Assignment — Retyped exactly and without pictures, the lines from the one with "13'' x 9 1/2''" through the end of the listing must form the entire answer.
↓
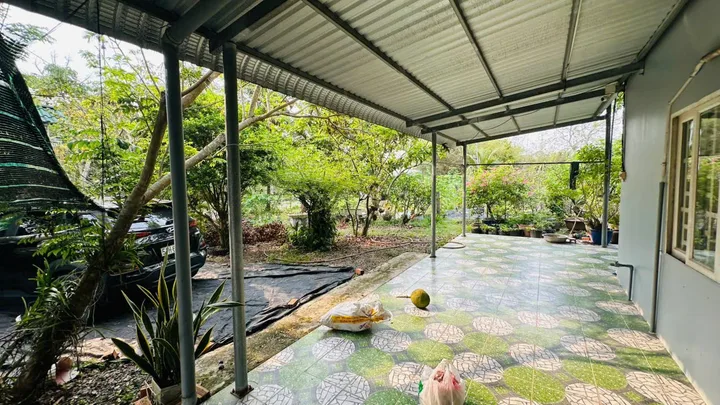 Bán nhà vườn xã Phước Thạnh, Củ Chi 1922m², 44x40.5m, ngay Đ. Pham Thị Xạ, sẵn nhà vườn ao cá và nhiều loại cây ăn trái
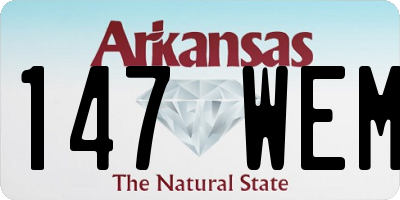 AR license plate 147WEM
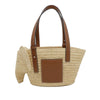 LOEWE Small Raffia Elephant Basket Bag Secondhand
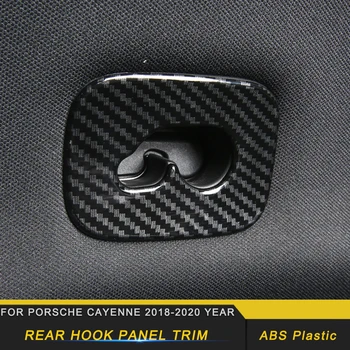 

Car Accessories Rear Roof Top Up Hook Panel Trim Frame Sticker Cover Interior Decoration for Porsche Cayenne 2018 2019 2020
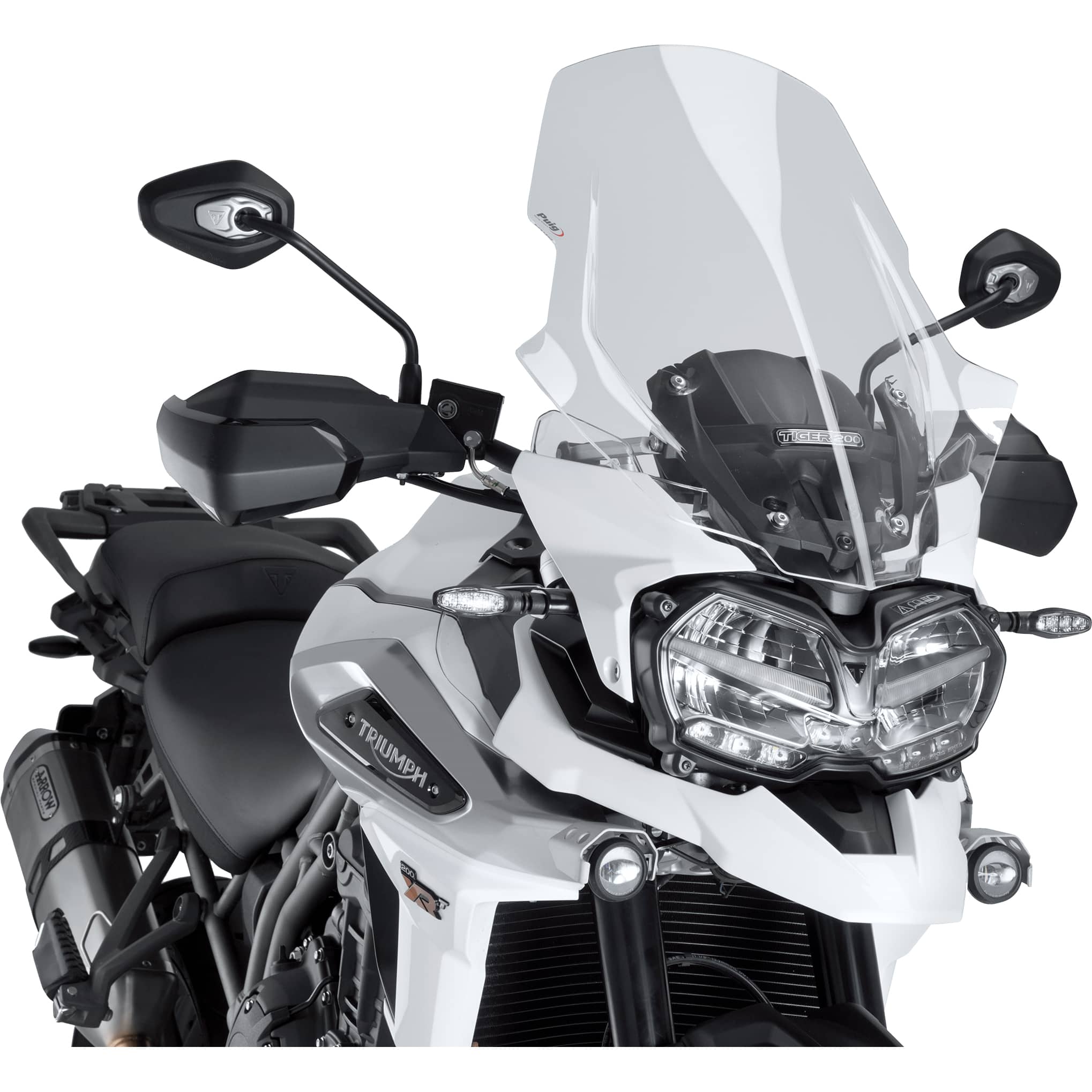 Puig Tourenscheibe klar für Triumph Tiger Explorer 1200 2018-2020 - Motorradteile & Ersatzteile - Anbauteile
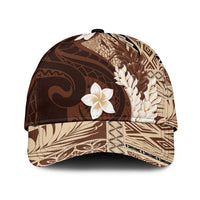 Samoa Teuila 2025 Classic Cap Samoan Siapo Pattern Brown Version LT05 Universal Fit Brown - Polynesian Pride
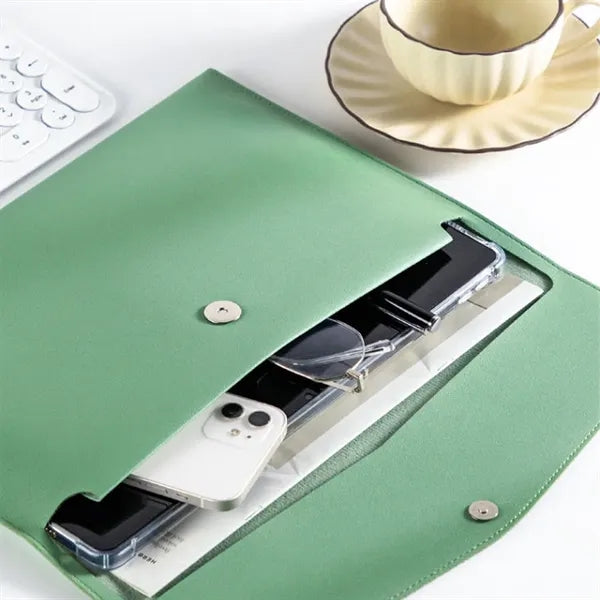 13'' x 9 1/2'' PU Leather A4 File Folder Document Holder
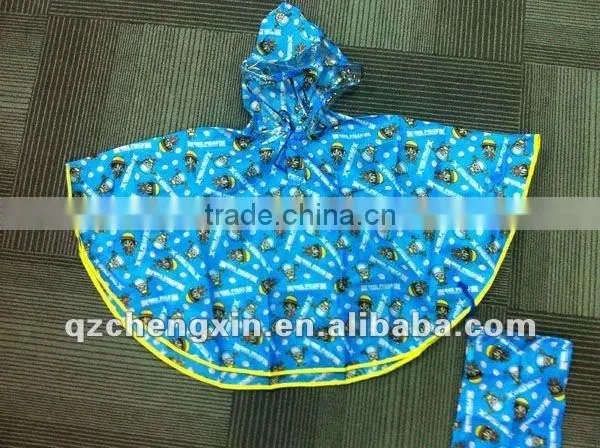 Fashionable Poncho Children Raincoat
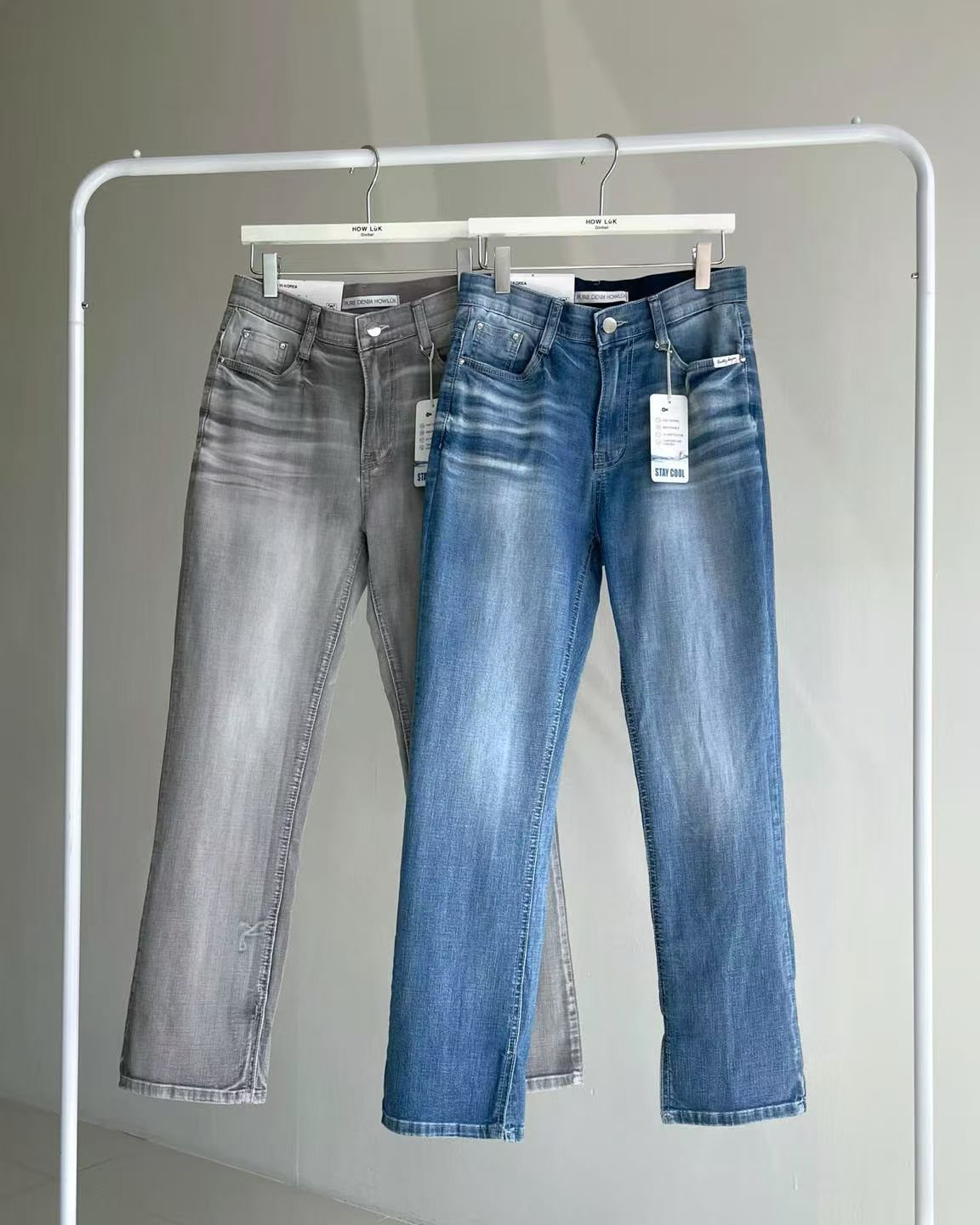 *🇰🇷韓國直送💛2026🆕最新上市💛韓國🇰🇷Howluk夏季新款3074牛仔褲🌸*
↑
Solution to the problem —
 13'' x 9 1/2'' PU Leather A4 File Folder Document Holder
 Fashionable Poncho Children Raincoat
 *🇰🇷韓國直送💛2026🆕最新上市💛韓國🇰🇷Howluk夏季新款3074牛仔褲🌸*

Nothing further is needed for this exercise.